The authorities confirmed that clashes occurred and that tear gas had been used, but denied reports by residents that police had fired birdshot into a crowd, wounding three persons. A police spokesman in Pretoria said an account of the incidents would be included Thursday in the daily official report on violence, and that no interim details would be released.

Police and Army troops sealed off the troubled area and prevented journalists from entering, citing emergency regulations that prohibit reporters from being within sight of security force actions.

Witnesses said some fleeing youths were chased and beaten with sjamboks, or rubber whips commonly used by the security forces, after tear gas was fired into a crowd of about 1,000 people who gathered early this morning outside the local municipal office in the White City neighborhood to protest the evictions.

It was described as one of the most serious confrontations in Soweto between black residents and the authorities since August 1986, when about 30 residents in White City and adjoining Jabavu were shot and killed in clashes that followed rent evictions.

Soweto, a sprawling black township of 2.5 million residents, was reported tense as soldiers and police in armored personnel carriers ringed White City.

Antiapartheid activists said policemen on motorcycles were patrolling the township, warning students who left their classrooms to stay away from White City.
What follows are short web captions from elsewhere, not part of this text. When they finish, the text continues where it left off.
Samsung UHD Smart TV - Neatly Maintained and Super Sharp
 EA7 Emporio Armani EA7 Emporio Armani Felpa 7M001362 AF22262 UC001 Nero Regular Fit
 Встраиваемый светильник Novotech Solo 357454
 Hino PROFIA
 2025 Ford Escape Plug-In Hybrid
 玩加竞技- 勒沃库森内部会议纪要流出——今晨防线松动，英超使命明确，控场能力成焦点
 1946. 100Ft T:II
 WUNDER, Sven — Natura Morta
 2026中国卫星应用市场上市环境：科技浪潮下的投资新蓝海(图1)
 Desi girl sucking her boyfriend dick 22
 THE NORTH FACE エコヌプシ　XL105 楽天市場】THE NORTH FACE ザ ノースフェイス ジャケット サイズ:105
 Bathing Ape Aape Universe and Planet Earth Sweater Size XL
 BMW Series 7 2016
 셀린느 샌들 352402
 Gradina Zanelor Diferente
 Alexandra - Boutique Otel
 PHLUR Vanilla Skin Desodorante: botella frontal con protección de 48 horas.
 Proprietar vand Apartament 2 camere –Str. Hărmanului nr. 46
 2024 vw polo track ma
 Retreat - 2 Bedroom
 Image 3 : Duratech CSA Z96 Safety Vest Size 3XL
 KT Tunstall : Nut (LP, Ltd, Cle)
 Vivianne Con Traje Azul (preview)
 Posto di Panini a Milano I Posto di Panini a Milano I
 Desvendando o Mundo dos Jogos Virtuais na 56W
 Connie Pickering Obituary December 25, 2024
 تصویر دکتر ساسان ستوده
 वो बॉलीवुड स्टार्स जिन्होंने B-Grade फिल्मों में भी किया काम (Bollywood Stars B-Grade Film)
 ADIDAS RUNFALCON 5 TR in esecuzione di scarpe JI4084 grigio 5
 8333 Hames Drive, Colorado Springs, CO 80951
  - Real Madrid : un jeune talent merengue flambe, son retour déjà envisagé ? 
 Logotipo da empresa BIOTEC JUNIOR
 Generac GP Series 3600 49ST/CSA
A number of residents also were reported to have stayed home from work to protest the evictions of 38 families.

A large contingent of security forces moved into the township before dawn as black municipal police began moving from house to house, demanding payment of rent arrears.

In Soweto, the country's largest black township, an estimated three-quarters of the households have refused to pay rent since June 1986 as a protest against the state of emergency and what they regard as inadequate public services.

In an effort to break the boycott, which has exacerbated the Soweto municipal government's $50 million budget deficit, authorities in November began to step up evictions, cutting off electricity to large parts of the townships and sending police to awaken rent strikers in the middle of the night.

The United Democratic Front, a coalition of groups opposed to the system of racial segregation called apartheid, condemned today's evictions, saying, "the government has created the current crisis of accommodation and land which affects millions of the {nonwhite} majority."